I do not do final edits as far as tone, colour, sharpening and noise reduction are concerned in the field.
However I will apply edits involving all of the above in the field in order to try to evaluate an image - a good image in the field is not going to turn into rubbish at home because I am looking at it on my 30" NEC - it is only going to look better even if I do need to tweak the settings applied in the field. I need to see my images at 1:1 with reasonable edits applied to know if an image will work or not. Occasionally, if I do get a hero image, I will go all out on the edits to try and get it as good as possible within the limitations of a laptop screen. However, most of the time I am just looking to confirm key creative and technical aspects such as composition, colour and white balance, focus, depth of focus, flash effect, and noise. Fine tuning later on is a given.

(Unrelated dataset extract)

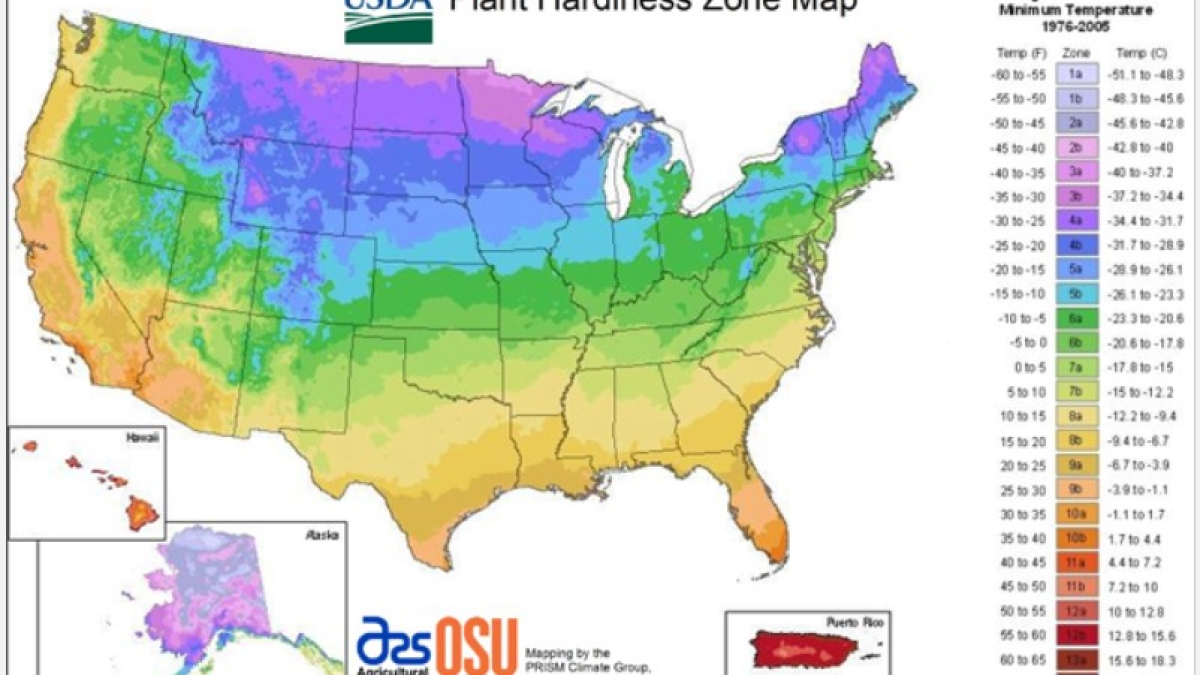 USDA Hardiness Zones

I know this is not strictly editing but I also go gangbusters with the metadata acquisition and keywording in the field.
It doesn't always work - I have had to come home all the way to Australia to identify certain obscure bird species (this is where all my resources are) or to re-keyword some species because the locals or myself got it wrong.

To me, every part of the photographic workflow is exciting and important - a real production line if you will - and if one part of the line isn't working so well then the end-product will be no good.

Tony Jay


----------



## Tony Jay (Jan 21, 2017)

davidedric said:


> *Reply to Tony
> *
> Many thanks, Tony, for such an expansive answer (I thought it best not to quote it in full).  It's very compelling, but it's not me, so I had to sit down and think why.
> 
> ...


I have quoted your entire reply because it contains many important points!

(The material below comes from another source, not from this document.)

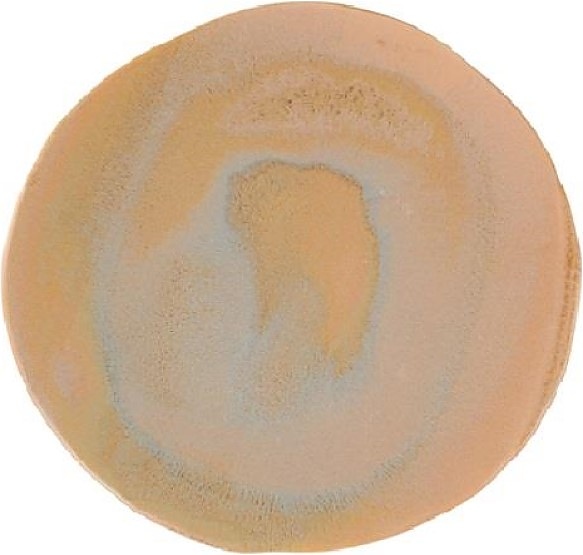 Тарелка Porland Stoneware Savanna 18DC22 220 мм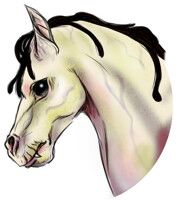 A pale, scary horse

I absolutely, totally, and thoroughly agree with you regarding enjoying the full multisensory experience on offer, particularly in Africa, but other locations too.
I am an African by birth (just happen to have Caucasian parents though!) who really loves, and appreciates, all that is on offer in all the African countries that I visit.

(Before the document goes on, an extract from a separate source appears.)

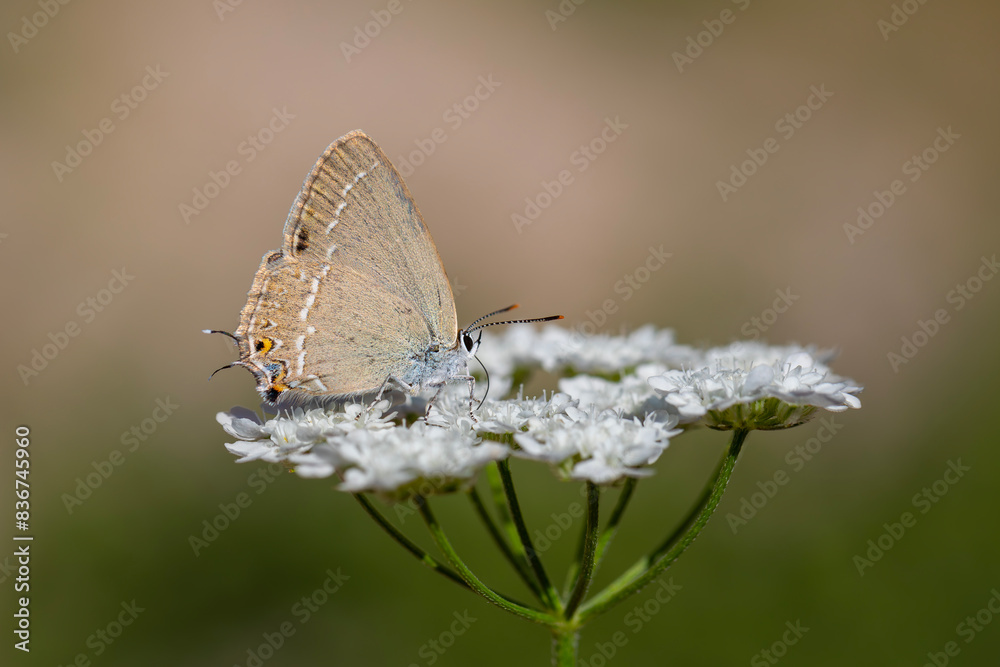 brown butterfly on plant, Riley's Hairstreak, Satyrium marcidum brown butterfly on plant, Riley's Hairstreak, Satyrium marcidum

My workflow in Lightroom allows me to import and assess a day's shoot almost as fast as the computer is able to complete the download off the cards.
As a consequence I tend to miss very little of the activities that you refer to when on my expeditions.
Getting my workflow to this point did take a lot of work and discipline but is totally worth it.

There really is a paradigm shift to shooting digitally, probably most obvious when shooting birds and wildlife, not just in the post-processing of a shoot, but, definitely in the approach to shooting.
These days my minimum card size is 32GB and most are 64GB!
I would rather shoot 50-60 rapid-fire images to get a critical moment than wait and hope to get it with a single snap.
I don't advocate a "blindly pressing the shutter and hoping for the best" approach but an insightful anticipation that something important may occur and shooting through the moment.
Obviously, a complete newbie may have little idea if they do not have any knowledge of likely behaviour in the subject to be shot, but, in fact, all of us are actually somewhere on this learning curve.
The most experienced guides and rangers that I have met on my travels actually readily admit that for all they know they still get surprises every single day.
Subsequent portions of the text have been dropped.